Having recently watched the original three Star Wars films, my five year old has become preoccupied with what is ‘real’ and what it not. It is interesting that incessant viewings of Octonauts, where a polar bear, a cat and a penguin sail the oceans in search of perilous situations from which to narrowly escape has never provoked so much as a murmur of doubt about the verity of what he is watching, but there’s nowt so strange as a five year old, as I am wont to say. In a West Country accent, for some reason.
“Is Luke Skywalker real?” E asks me one morning as we walk to school.
“Well, the man who is pretending to be Luke Skywalker in the film is real, but Luke Skywalker is just a character in the story.” Already I feel on shaky ground and as usual woefully under-equipped in the brain department to do this question both the justice and the clarity that an enquiring mind deserves.
“Is Darth Vader real?” I am sorely tempted to say that yes, he is real, and that at night he creeps into the bedrooms of boys who have been naughty to chop their hand off with his light sabre, but I resist. Just.
“No,” I reply. “He is not real, but there is a real man in a Darth Vader costume.”
“Is C3PO real?”
Sodding hell, if we are going to run through the entire cast of three Star Wars films I may have to kill one of us. Or at the very least, chew on a light sabre to stave off the impending insanity.
“Nope. Man in a costume.”
We walk in silence for a while.
“So is Chewbacca a man in a costume?”
Bingo. “Yep.” If I squint, I think I can just make out the end of this conversation, sparkling attractively in the distance.
“But how does he make the railing sound?”
The railing sound? What railing sound? Do railings actually make a sound? Do they let out an existential scream of despair at the perpendicular futility of railing existence that only five year olds can hear?
“Oh, not railing. Wailing. A wailing sound,” E replies.
“Well… I think the man inside makes the sound. Or, in films, they can put sounds and music on afterwards. Maybe they did that.” I give myself a solid six out of ten for that answer. I’ve provided him with two options, plus a little bit of information he might not have otherwise known, and a possibility of ending this ever-more taxing discussion as a bonus. Sod it. It’s a seven and a half, at least.
“No, mummy. I think what happened was that they recorded the noise before and he had a microphone thing in his pocket and a button, and when he wants to make the sound, he presses the button.”
This is the thing with my son. I don’t think he asks me questions any more to find out the answers. I think he asks me simply to watch me squirm for a little bit, to see how ridiculously implausible my answer is, before telling me what he considers is the right answer. After all, when he poses me a question most days, it is only a matter of seconds after I have delivered my insightful and intelligent answer (by which of course I mean hastily thought out and ill conceived) that he suggests we check on the iPad.

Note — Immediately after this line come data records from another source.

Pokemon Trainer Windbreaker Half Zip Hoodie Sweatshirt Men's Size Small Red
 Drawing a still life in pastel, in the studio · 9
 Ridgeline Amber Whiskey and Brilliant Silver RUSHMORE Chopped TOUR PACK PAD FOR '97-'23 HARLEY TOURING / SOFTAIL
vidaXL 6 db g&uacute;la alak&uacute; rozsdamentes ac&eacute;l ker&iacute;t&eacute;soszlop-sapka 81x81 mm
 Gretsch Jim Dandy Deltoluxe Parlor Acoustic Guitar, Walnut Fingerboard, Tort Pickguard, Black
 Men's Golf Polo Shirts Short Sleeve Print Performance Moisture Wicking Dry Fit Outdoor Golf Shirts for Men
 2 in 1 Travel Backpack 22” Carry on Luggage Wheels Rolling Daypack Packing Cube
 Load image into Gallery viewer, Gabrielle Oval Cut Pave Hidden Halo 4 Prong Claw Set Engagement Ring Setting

Either that or it is a question of such ludicrous unanswerableness (yes, his questions have forced me into bastardising the English language just to describe them) that he surely knows I will never provide a satisfactory answer. Such as yesterday’s start for ten: “If I fell down a deep chasm with a hundred and eighty two lunch boxes, how long would I survive?” In retrospect, the correct answer as ‘I don’t know’. But I only realised that after I had enquired as to the purpose of the lunch boxes (to break the fall, or provide sustenance) and the contents thereof to ascertain if they contained water to drink or just chocolate buttons.
I find myself wondering if Chewbacca actually had any pockets, before E is at it again.
“Is the space ship real?” Hmmm. Now this is a little more tricky. How would they have made the Millennium Falcon? Would it have been a model, or computer generated? I guess that depends on when it was made. When was Star Wars made? And I suppose Chewbacca could have put the sound button in his pants if he didn’t have any pockets…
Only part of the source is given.